What can you say about an album you’ve owned for a week?
Well, for starters, you can say it’s the first one you’ve had to enter in the blog out of alphabetical order. But it’s still in the B’s, so not too disruptive. (And with the magic of editing post dates, I can slot it into the right spot). @ForeverChanges suddenly got an influx of French pop, and I’m betting he was surprised by how quickly that influx became an outflux. Someone else snagged the Francoise Hardy, which was a surprise to me.
I only really started thinking about Serge Gainsbourg a few years back, when April March’s version of “Chick Habit” became lodged in my skull several years after first hearing it on the Tarantino soundtrack for “Death Proof.” Somehow I knew that wasn’t the original, and tracked down the amazing video of the original by France Gall. Which see:
And from there I learned more about Serge Gainsbourg, whom Allmusic calls “the dirty old man of popular music.” Oh, man, was he not made for the #metoo era. “Regarded as the most important figure in French pop whilst alive, he was renowned for often provocative and scandalous releases which caused uproar in France, dividing his public opinion” says Wikipedia. Yeah. Let’s admit that an older man getting a teenaged France Gall to sing what she seems to have thought was an innocent song about a lollipop when it, uh, wasn’t about that – not cool. And wasn’t really considered cool at the time, though she was hurt by it more than he was. (See: Demon Lizard Patriarchy). Finding young, breathy girl singers was kinda his thing.
This album is with/by model/actress/total ‘60s icon Jane Birkin, who was in a relationship with Gainsbourg for more than a decade.
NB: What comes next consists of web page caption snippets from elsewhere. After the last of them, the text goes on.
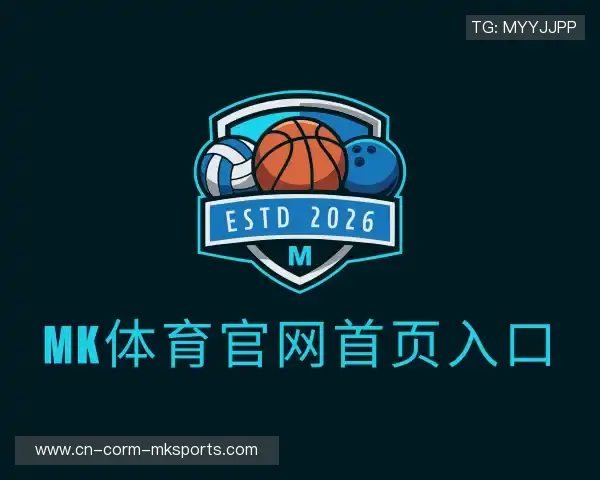 发现MK体育官网首页入口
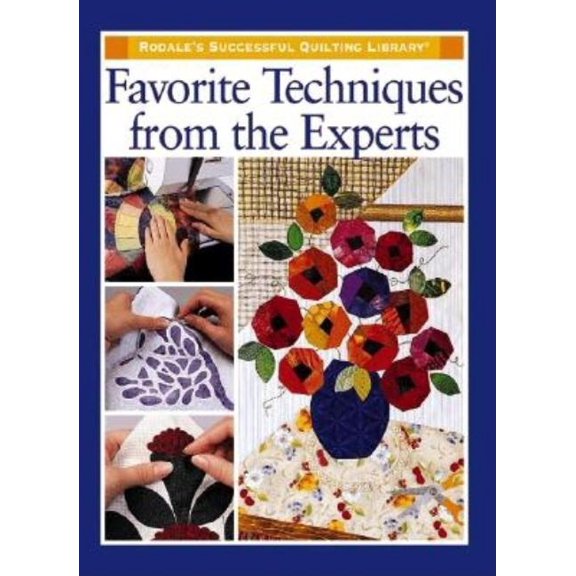 Rodale's Successful Quilting Librar Favorite Techniques from the Experts, (Hardcover)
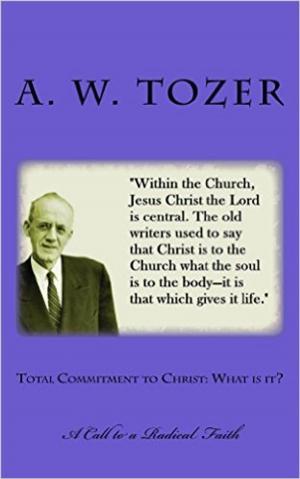 Cover of the book Total Commitment to Christ: What is it? by R. A. Torrey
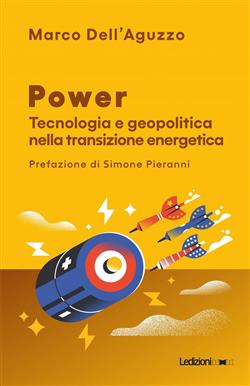 Power. Tecnologia e geopolitica nella transizione energetica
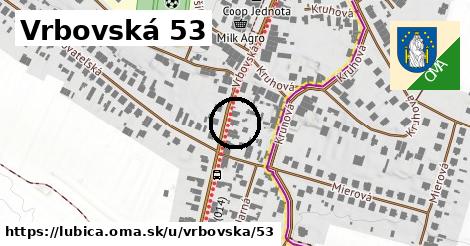 Vrbovská 53, Ľubica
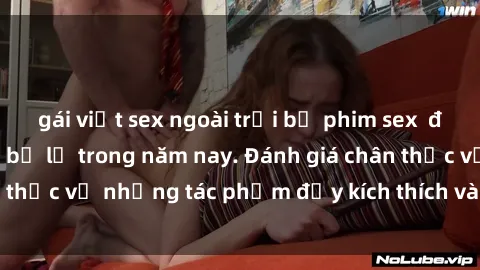 gái việt sex ngoài trời bộ phim sex  đáng xem không thể bỏ lỡ trong năm nay. Đánh giá chân thực về những tác phẩm đầy kích thích và hấp dẫn này.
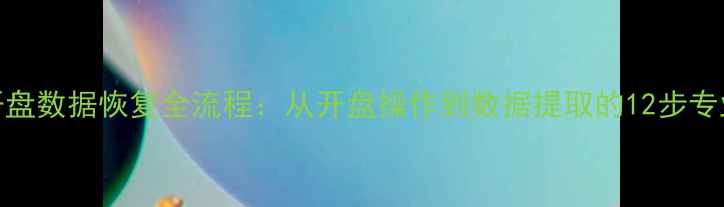 图片 硬盘开盘数据恢复全流程：从开盘操作到数据提取的12步专业指南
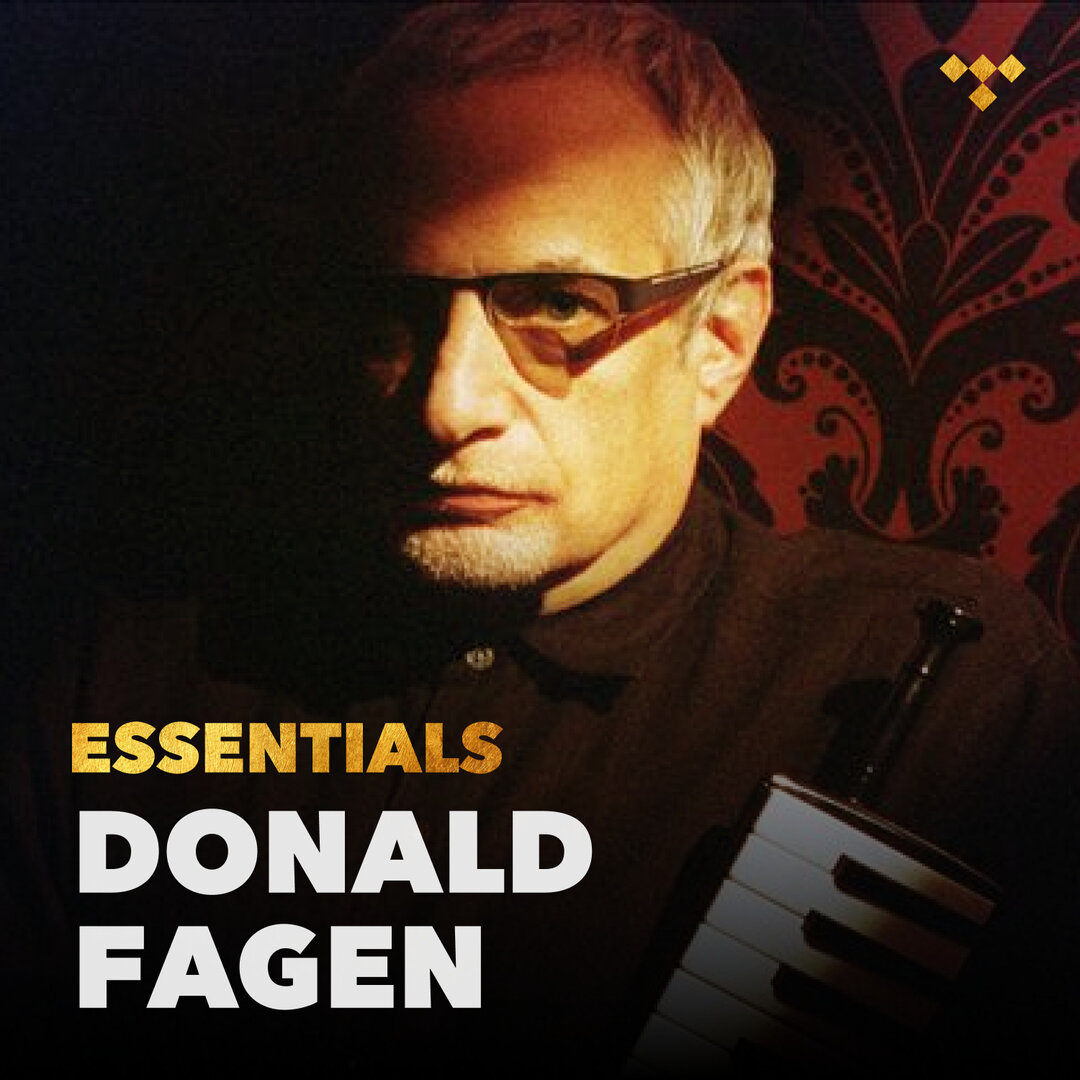 Donald Fagen Essentials on TIDAL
This came out in 1969 and went near the top of the French charts, with a mix of playful, sexy, superbly orchestrated pop songs. The hit single Je t’aime… moi non plus, featured explicit lyrics and “simulated sounds of female orgasm.” (How do we know they’re simulated, Wikipedia? But I like that the entry hyperlinks to the definition of “orgasm.”) Yeah, it’s out there – but it was 1969. In fact, that’s the name of one of the songs: “69 année érotique.” ’69, the erotic year. Yeah, that’s what it’s about. I’ve got much more self-indulgent music from 1969; this hardly even registers. It’s fun, and instrumentally sublime.
Hey, guess what, Faithful Readers? We got to the end of the B’s in my collection. The C’s, alas, may also take a while.